Boards of Directors of State-Owned Enterprises

An Overview of National Practices

image of Boards of Directors of State-Owned Enterprises

Boards of directors of state-owned enterprises (SOEs) play a fundamental role in corporate stewardship and performance. Over the last decade, OECD  governments have sought to professionalise SOE boards, ensure their independence and shield them from ad hoc political intervention. In general these approaches have worked; yet, more remains to be done to meet the aspirational standards of established by the OECD Guidelines on Corporate Governance of State-Owned Enterprises. This report seeks to shed slight on good practices drawing on national practices from over 30 economies.
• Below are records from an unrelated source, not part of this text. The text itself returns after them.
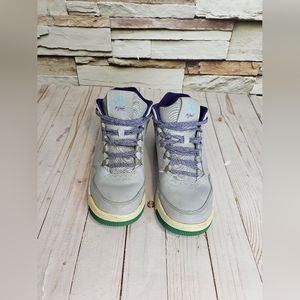 Nike Air Jordan Flight Grey and Purple 6.5Y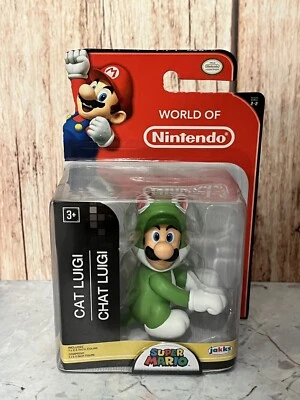 НОВАЯ фигурка World of Nintendo Cat Luigi 2,5 дюйма Jakks Pacific - Изображение 1 из 2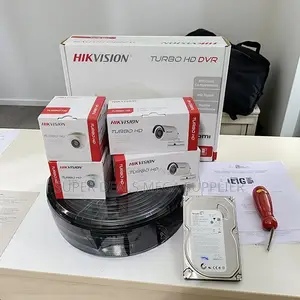 Hikvision 4 Camera 1080p Hd Security System Night Vision With DVR Kit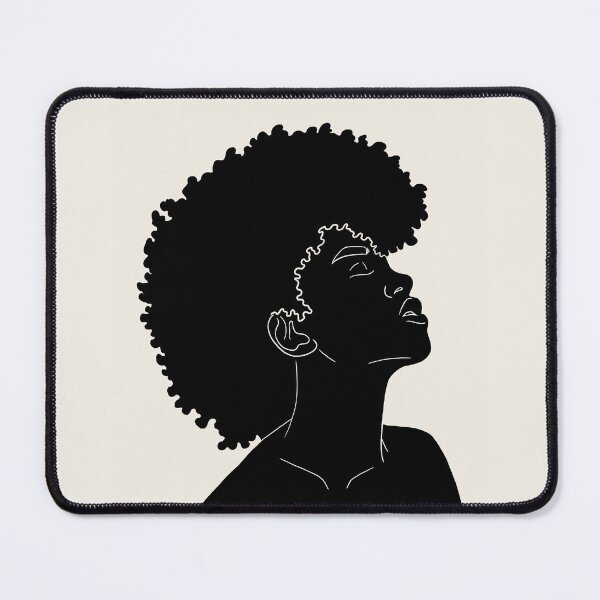 Item preview, Black Woman Afro Hair Minimalist Design designed and sold by CocoSimoneArt.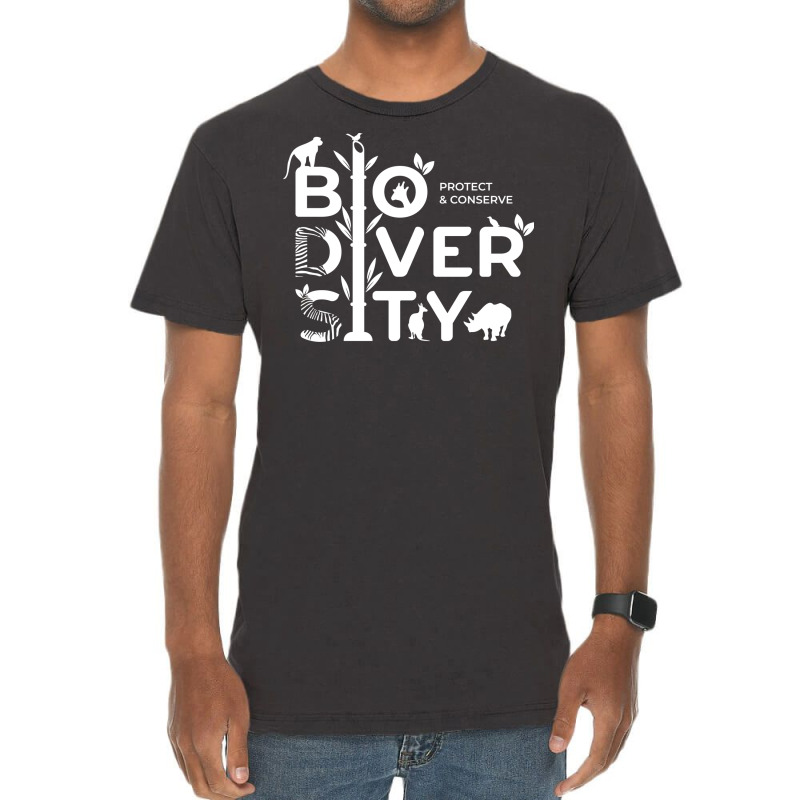 Protect And Conserve Biodiversity Humor (1) (1) Vintage T-shirt | Artistshot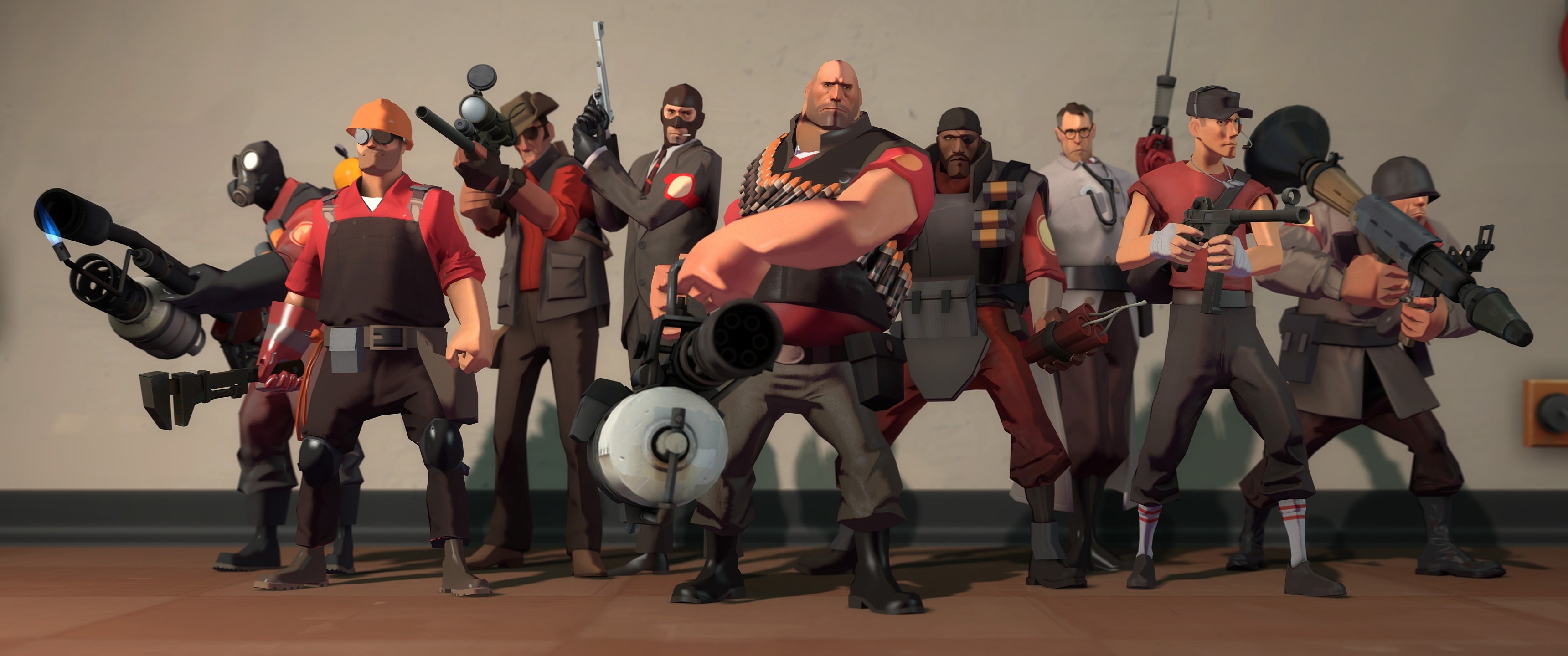 Illustration Anime Toy Heavy TF2 Scout TF2 Demoman Sniper TF2 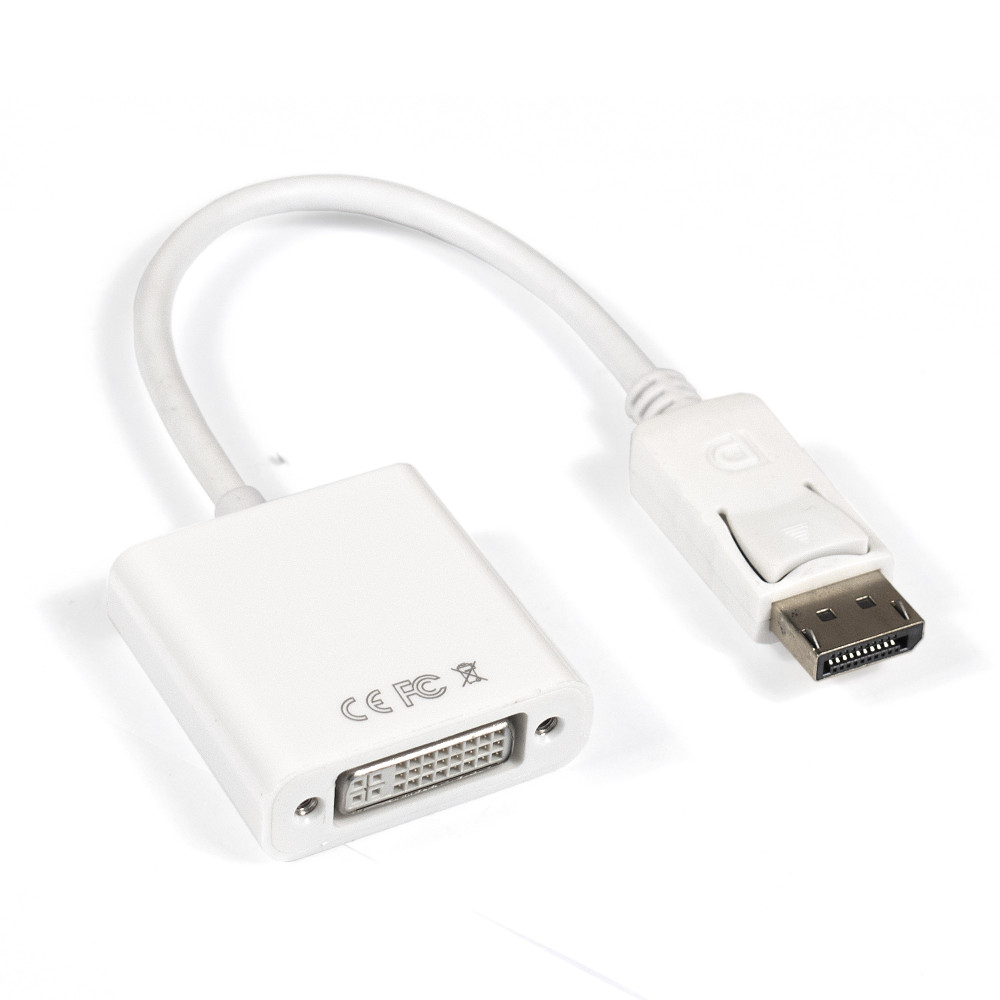 Кабель-переходник DisplayPort-DVI ExeGate EX-DPM-DVIF-0.15 (20M/19F, 0,15м)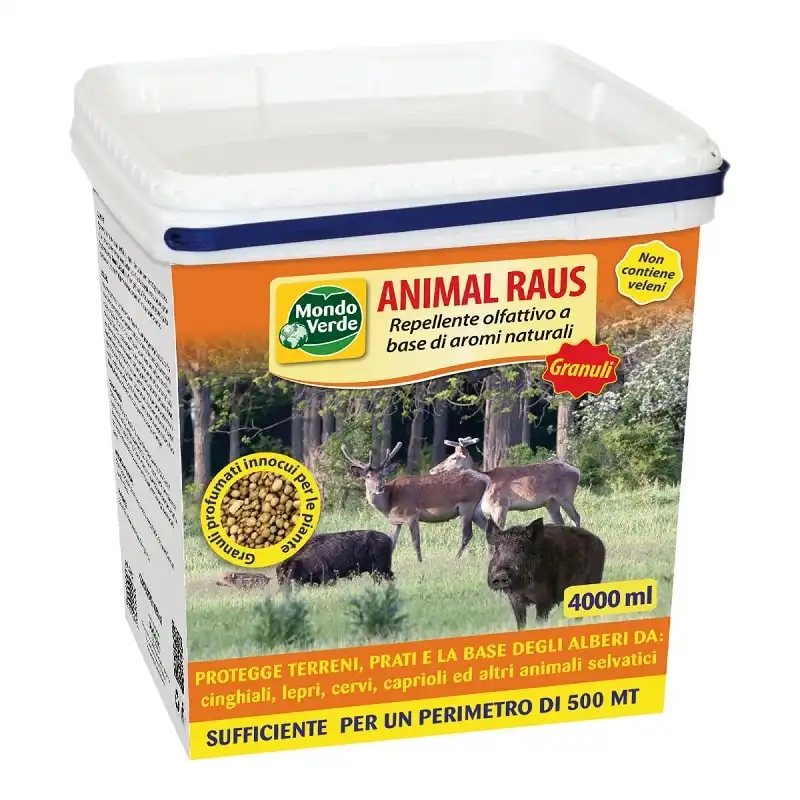 Repellente Per Animali Selavatici Animal Raus in Granuli 4000ml Fino a 500mt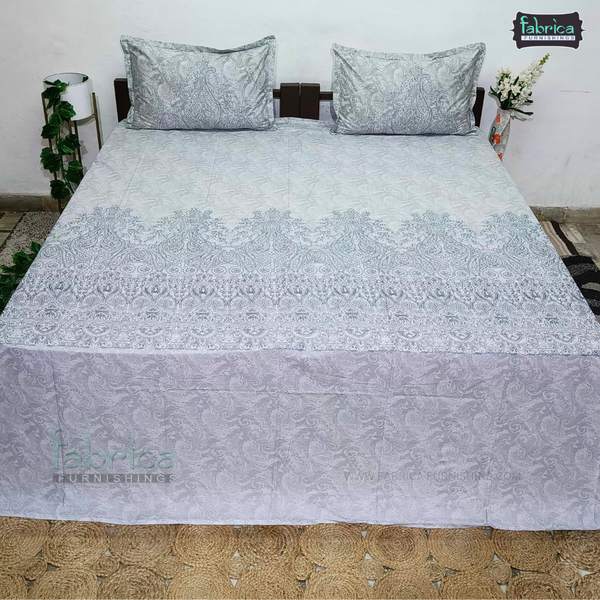 Sengol Super King Size Pure Cotton Printed Bedsheet Set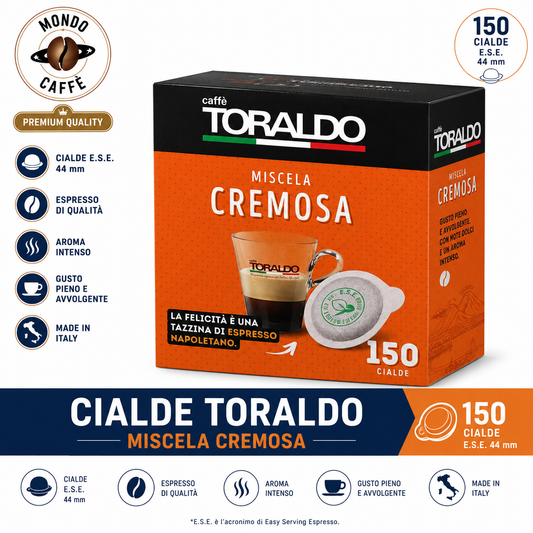 CIALDE ESE 44mm TORALDO (Miscela cremosa)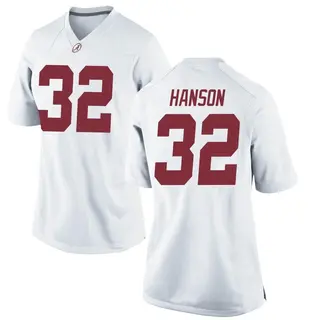 Replica Women's Griffin Hanson Alabama Crimson Tide Nike Football College Jersey - White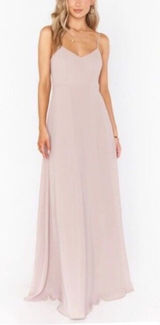 Show Me Your‎ Mumu NWT Faith Maxi Dress Dusty Blush Pink Size XS Bridesmaid Photo 0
Board composition: Constraints and guidelines

A central recommendation of the SOE Guidelines is that boards should be composed to exercise independent and objective judgment. In most countries SOE boards are composed of a mix of civil servants, other individuals tasked with pursuing the public interest and independent directors. The trend, fuelled by a growing commercialisation of SOEs, is toward a greater reliance on independent board members – or persons with relevant commercial experience. Ensuring the recruitment of suitable board members can be based on formal eligibility rules, processes to advice or vet ministerial candidates for board appointment or actual or de facto nomination committees proposing candidates of the ultimate decision of ministers. Board composition can be further influenced by limitations on the number of board positions and/or affirmative action targeting gender and minority groups. Employee representation on boards generally follows private sector practices, but can differ for some SOEs (especially in the context of privatisation).